Friday 03 Apr 2020 | 00:15 | SYDNEY
Friday 03 Apr 2020 | 00:15 | SYDNEY

Fiji: The limits of sanctions


Jenny Hayward-Jones


23 December 2008 08:43

The vexed question of what to do about Fiji is likely to be a high priority for policy makers in Canberra, Wellington, and Pacific Island capitals when they return from a brief Christmas break. Pacific Islands Forum leaders are due to meet in Port Moresby on 27 January to discuss their next move in relation to Fiji.

This piece by Anthony Bergin in The Australian of 20 December proffered some suggestions for changes in Australian policy towards Fiji. Although I agree with him for the most part, I suspect Anthony’s proposals will be anathema to the Australian Government. In an environment where Commodore Bainimarama has become increasingly authoritarian, Canberra will be in no mood to offer rewards to his interim government. 

Anthony suggests relaxing the wider travel bans as a gesture of goodwill, maintaining bans only on Bainimarama’s closest associates. The ANU’s Jon Fraenkel has also suggested softening the travel bans because they have only helped entrench the interim government. I concur with both of them, but realistically, neither the Australian nor New Zealand Governments can announce they will drop the travel bans now. 

The travel bans were applied when Canberra and Wellington had to demonstrate official disapproval of the 2006 coup. The Howard Government terminated defence cooperation with Fiji and pared back the aid program a little. Other options, such as terminating the aid program and imposing trade sanctions, would have punished ordinary people in Fiji and hurt Australian businesses. At the time, the limited travel bans were a reasonable and low cost response to an illegal coup, even if their impact two years down the track has not been helpful. 

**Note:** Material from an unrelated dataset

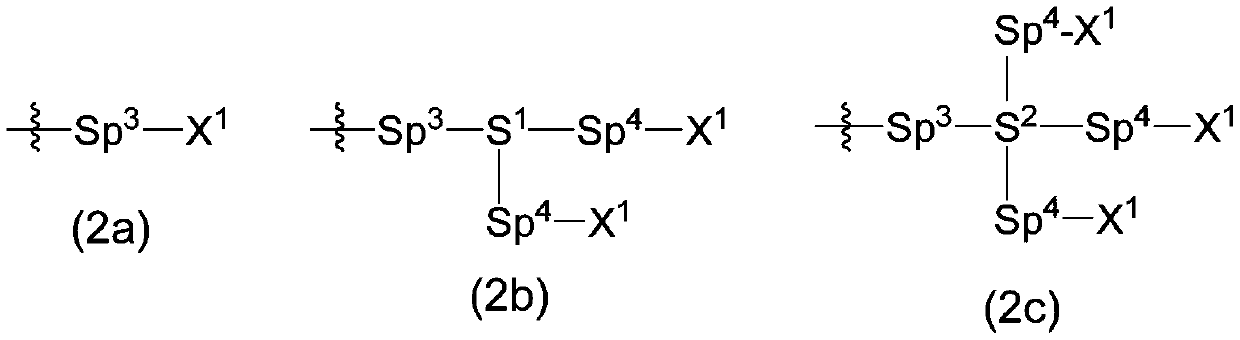 Polymerizable polar compound, liquid crystal composition, and liquid crystal display element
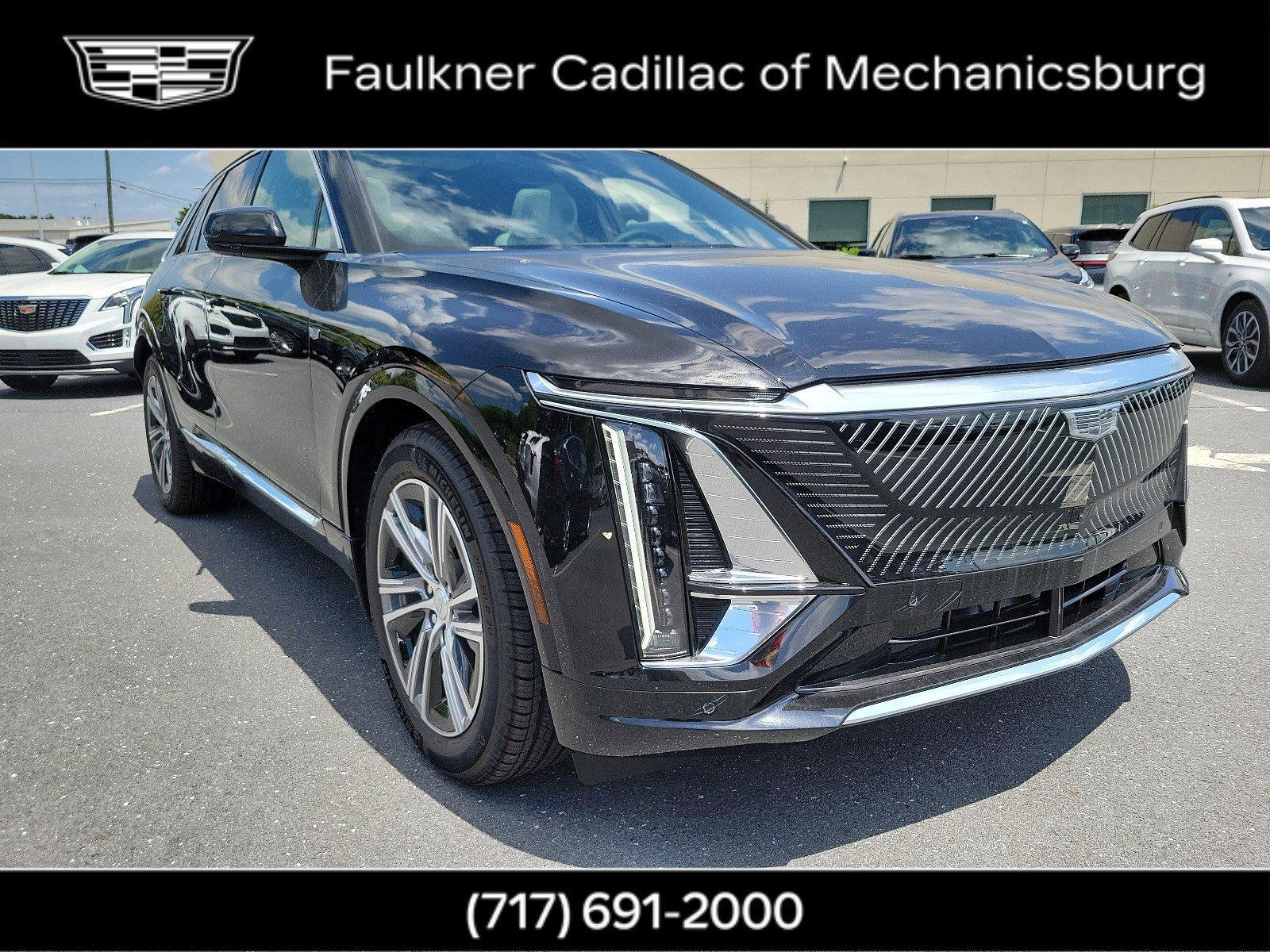 2024 Cadillac LYRIQ Vehicle Photo in MECHANICSBURG, PA 17050-1707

The Rudd Government’s capacity to remove the travel bans, even if disposed to do so, has been constrained by its interest in acting in concert with New Zealand. Helen Clark was a strong proponent of travel bans and undoubtedly would have encouraged Rudd to continue the Howard Government’s policy. It has been vital for the region’s unity that its two major powers are aligned, and the interim government in Fiji would relish any breach of solidarity between Australia and New Zealand.

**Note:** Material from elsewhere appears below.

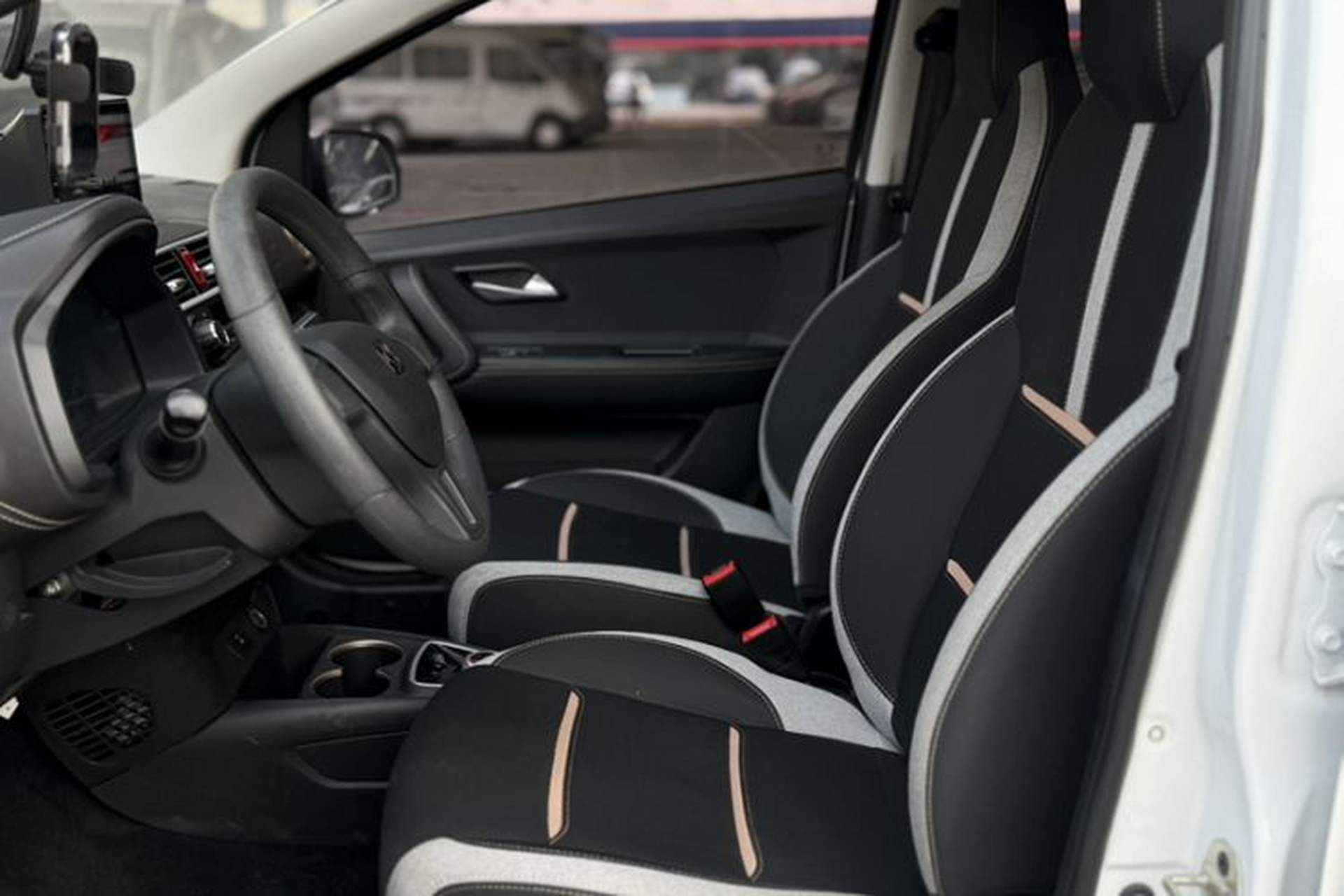 Used SOL E10X 2021 200km Classic Type Left Front Seat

John Key’s new government in Wellington could have considered talking to Canberra about jointly relaxing travel bans had it not been hit with a diplomatic crisis in its first weeks of office. The interim government in Fiji has only just backed away from a threat it made last week to expel New Zealand’s Acting High Commissioner Caroline McDonald if Wellington did not grant a study visa to the son of the official secretary to the Fiji President. 

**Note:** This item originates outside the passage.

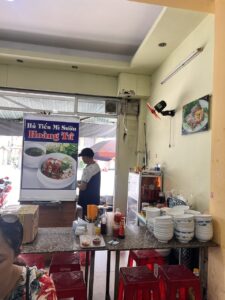 Hủ Tiếu Mì Sườn Hoàng Tử- Tân Bình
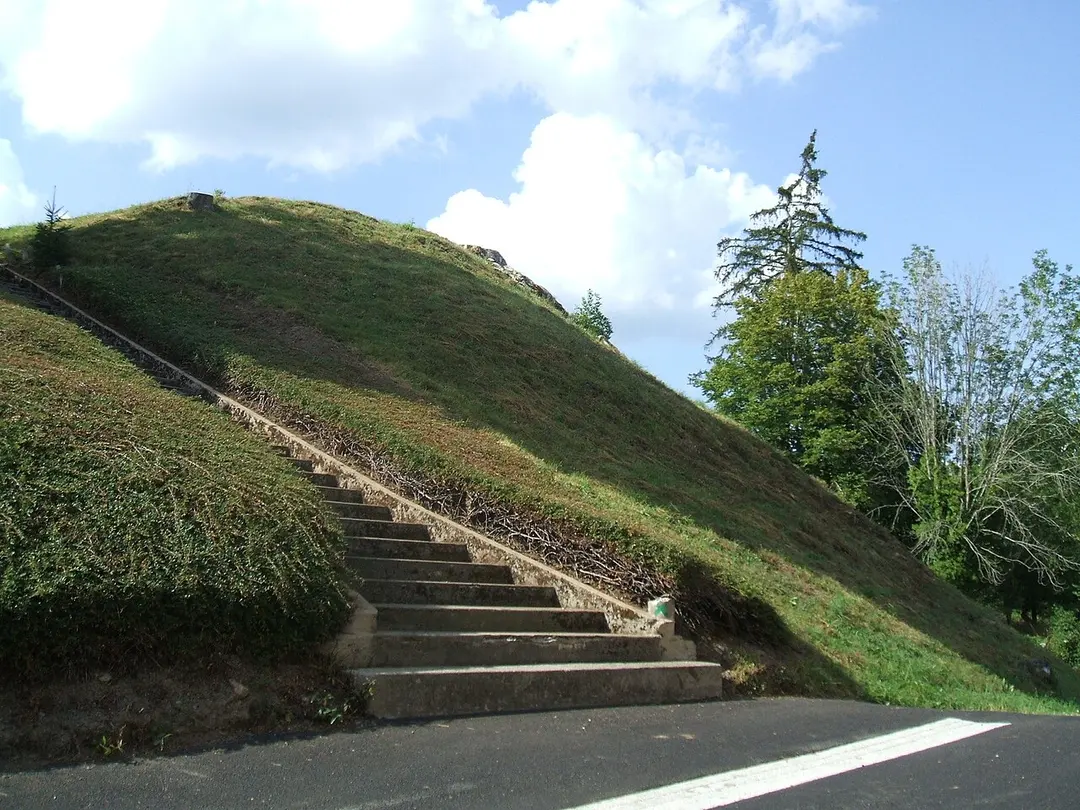Motte féodale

Any change to New Zealand policy now would be seen by New Zealand voters as capitulation to blackmail, and portrayed by the interim government in Suva as a victory of the Commodore’s perverse diplomacy. Stephen Smith has backed New Zealand’s travel bans policy and reiterated his belief that travel bans are 'very effective devices in putting pressure on the interim Fiji government to return and restore Fiji to democracy.'

While no public carrot can be offered in relation to the travel bans, Canberra and Wellington could, internally and without any fanfare, determine to take a more generous approach to the application of the travel bans to relatives of interim government officials. 

I understand there is no publicly available list of banned individuals and each application is considered on its merits. The rather opaque nature of decision-making processes in Australian immigration, the large number of applications (over 22,000 Fiji temporary visitor arrivals in Australia were recorded in 2007-08) and the interim government’s limited resources will make it difficult for it to track any trends towards greater leniency. Fewer visa refusals would give Bainimarama fewer excuses to claim Fiji was being victimised, without being able to claim victory from a public sign of retreat by Australia and New Zealand.

I am increasingly unconvinced that Australia, or for that matter, any external power, has the capacity to influence developments in Fiji. It is easy to say that Australian and regional policy towards Fiji has failed, but this focus on the inadequacy of foreign policy tools diverts attention from the real failure – that of Fiji’s interim government to address the needs of the Fiji population. Regional policy makers might refocus on what needs to happen within Fiji over the next year to generate a democracy that works for Fiji rather than toying with radical realignments to the policies of regional capitals.